Two of my colleagues at IDEO, Tatyana Mamut and Lionel Mori, have proposed that innovation, and particularly systemic innovation, is determined by a balance of three things – behavioral norms, tools and rules. As designers we tend to take rules and regulations as part of the existing constraints but in a time of rapid regulatory change I wonder whether there is a more active role for design thinking.
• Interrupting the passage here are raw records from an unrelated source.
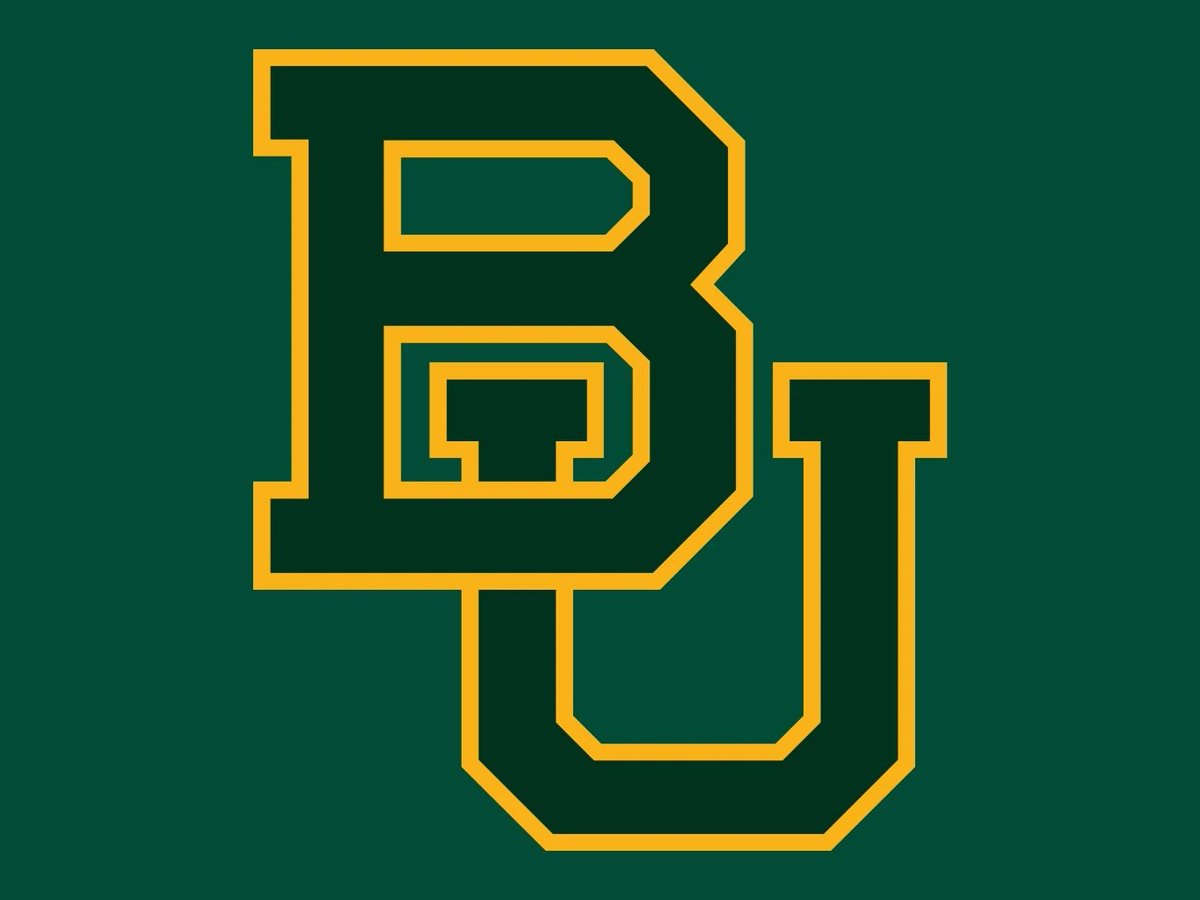 Jbridges_22's tweet image. #AGTG After a great conversation with @Jamar51Chaney I’m blessed to receive my 22nd offer from Baylor University 
@MidloPanthers @coachwendel1 @CoachHolleyLBs @jwfos22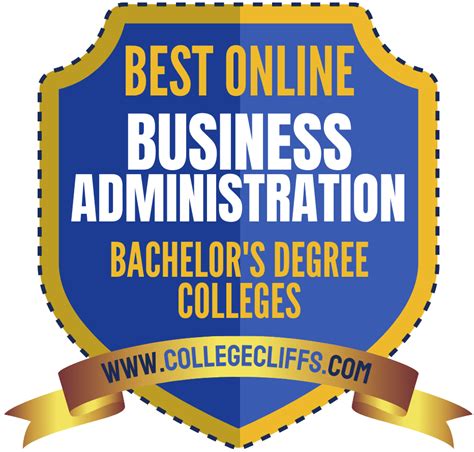 bachelor of business online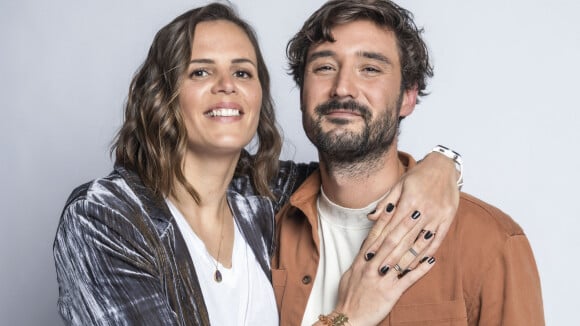 Laure Manaudou et Jérémy Frérot : le couple "impuissant" face aux incendies en Gironde, leur choc partagé
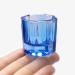 NAUZE 4 Pieces Nail Glass Crystal Cup Professional Make-up Crystal Glass Beauty Cups Nail Art Transparent Cup Tool for Nail Art Manicure Care - Buy Online on GoSupps.com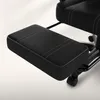 Sedia da gioco ergonomica con poggiapiedi per ufficio Anteprima dell’immagine prodotto 22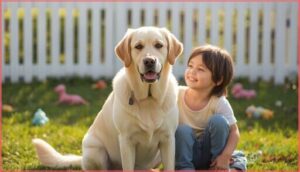 labrador retriever labrador retriever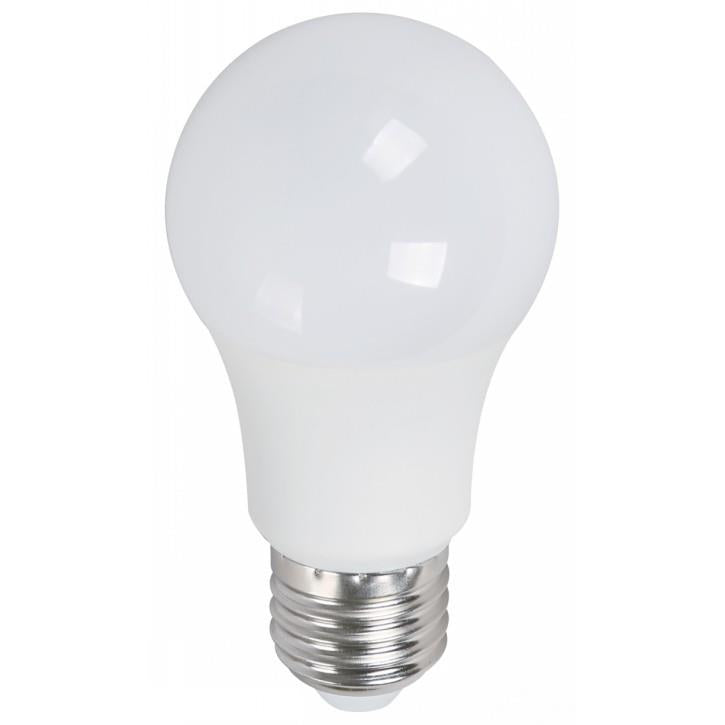 BOMBILLO LED A55 E27 5W 85-265V 3000K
Take Formula 1 motor racing as an esoteric but illustrative example. This is a sport where the rules are often changed with little notice and the race teams invest millions of dollars in their response, attempting to gain tenths of a second in performance over their fellow competitors. Formula 1 is a kind of experimental hotbed where new rules are constantly tested. The intent of the rule makers is often to create a predictable reduction in performance so as to create safer or more competitive racing. What often happens however is that the ingenuity of engineers and designers combined with poorly written rules result in faster rather than slower cars. Design is testing the rules and innovation is the result.
What if design was used to test some of the rules our government leaders are proposing? Could we go through some experimental cycles using design and prototyping as a tool before final decisions are made about what rules to adopt? Might this help us avoid our tendency to create new rules and then walk away, under the assumption that our finance, health and global energy systems will now behave in the way we want them to?